- TASK DESCRIPTION: Reproduce the data in full, exactly as given, leaving images out.

- DATA EXTRACT:
■ ■ ■ ■ ■

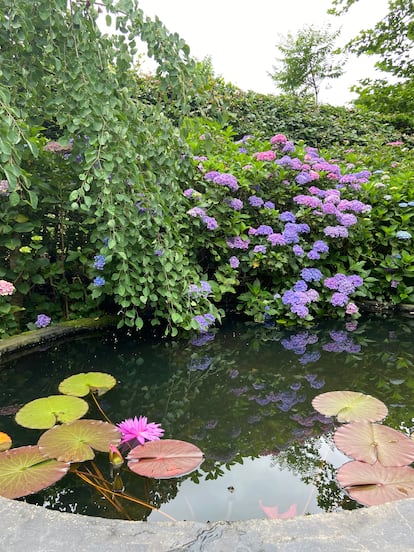 Water lilies, lotuses, water lilies, astilbes, papyrus and other wetland plants invade the basins and ponds scattered throughout the garden.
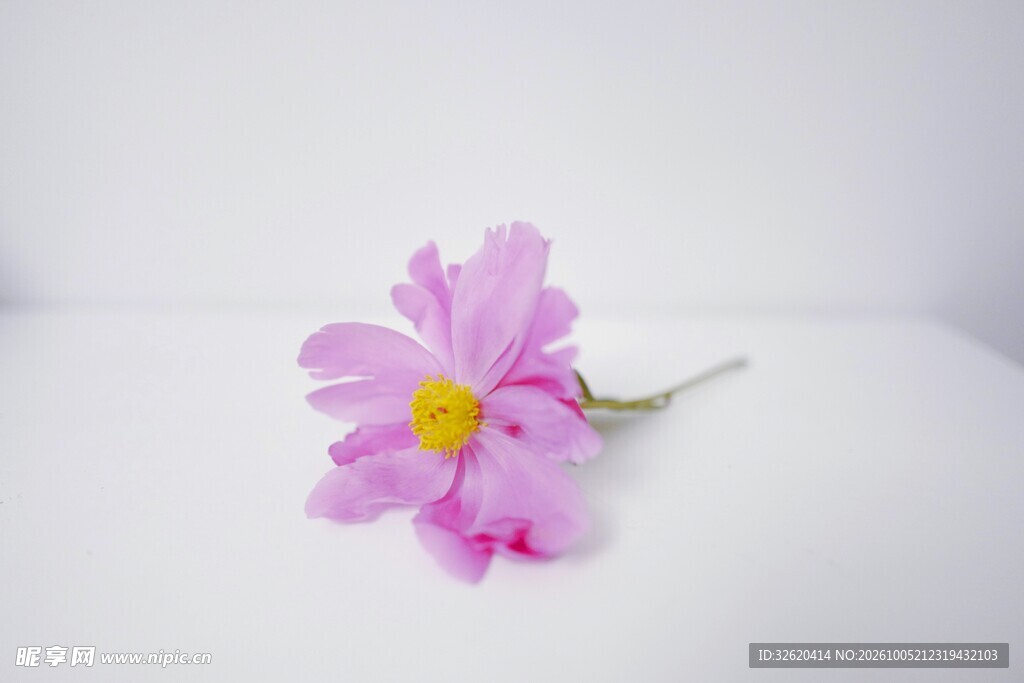 粉色单枝小花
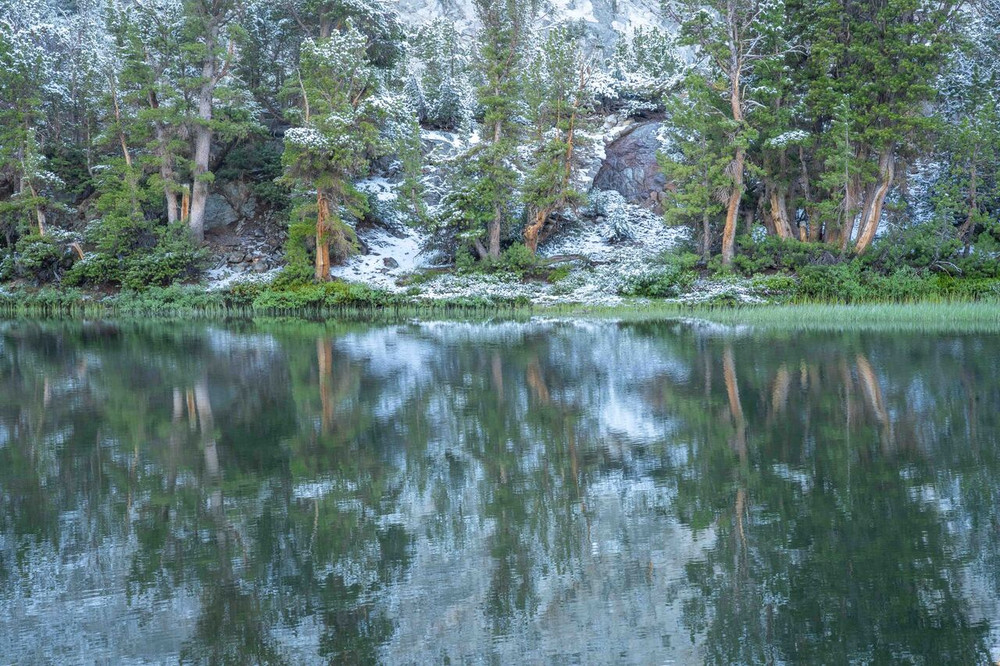 A Quiet Reflection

■ ■ ■ ■ ■

- SOLUTION TO THIS TASK:
 Water lilies, lotuses, water lilies, astilbes, papyrus and other wetland plants invade the basins and ponds scattered throughout the garden.
 粉色单枝小花
 A Quiet Reflection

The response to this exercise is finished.